Response from John R. Reay

What higher honor can a mathematics teacher be given, than to have his or her presentation be described as ... crystal clear, and somehow both straightforward and non-trivial at the same time? That is what all teachers strive for.

Donald G. Saari and Fabrice Valognes

Geometry, Voting, and Paradoxes
Mathematics Magazine, Vol. 71, No. 4, October 1998

Combinatorics is the traditional technique to compare and analyze voting procedures. What makes this paper so inviting is the use of geometry to compare voting procedures. Accessible, easily visualized mathematics leads to some surprising results. After seizing the readers interest with simple examples, the authors present some historic voting procedures (the Borda Count and the Condorcet winner). Then, in the authors words, they demonstrate how geometry dramatically reduces these previously complicated issues into forms simple enough to be presented to students who can graph elementary algebraic equations. The article reveals a novel view of a classic problem.

Biographical Notes

Don Saari received his Ph.D. from Purdue University and his B.S. from Michigan Technological University in Houghton, MI. He currently is the Pancoe Professor of Mathematics and a Professor of Economics at Northwestern University. His research interests center around dynamical systems and their applications -- primarily as applied to the Newtonian N-body problem and to issues coming from the social sciences. His most recent book is Basic Geometry of Voting, Springer-Verlag, 1995. Because of Saaris current interest in voting procedures, he makes frequent research trips to the French Institute of Social Choice and Welfare, Universite de Caen, where he met his co-author Fabrice Valognes.

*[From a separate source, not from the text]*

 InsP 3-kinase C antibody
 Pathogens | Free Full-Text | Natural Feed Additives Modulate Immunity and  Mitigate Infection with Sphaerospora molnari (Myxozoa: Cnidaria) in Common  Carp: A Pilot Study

Fabrice Valognes was born in 1969 in the city of Caen (Normandy) and received all of his degrees from the University of Caen. In 1998, he received his Ph.D. in field mathematical economics from the same university. Valognes supervisors were Professors Maurice Salles and Dominique Lepelley (both of the University of Caen). However, Donald G. Saari (Northwestern University) and William V. Gehrlein (University of Delaware) also influenced him greatly and quickly became his part-time supervisors. Valognes dissertation is entitled Essays in Social Choice Theory. He is an Associate Professor of Economics at the University of Namur (Belgium).

Response from Don Saari

An important aspect of being teachers and researchers of mathematics is communicating what we have learned -- namely, exposition. Because of the importance I place on exposition, I am delighted and honored to receive the Allendoerfer Award! But, exposition is not a solitary pursuit; it is a form of communication where presentation can be sharpened only through considerable interaction with others, such as the give-and-take between my co-author Fabrice Valognes and me. Authors are particularly fortunate if they encounter a gifted, concerned editor who helps improve the final product. We did, and we are so delighted to publicly thank Paul Zorn, the editor of Mathematics Magazine. We also thank the Selection Committee and the MAA for this recognition.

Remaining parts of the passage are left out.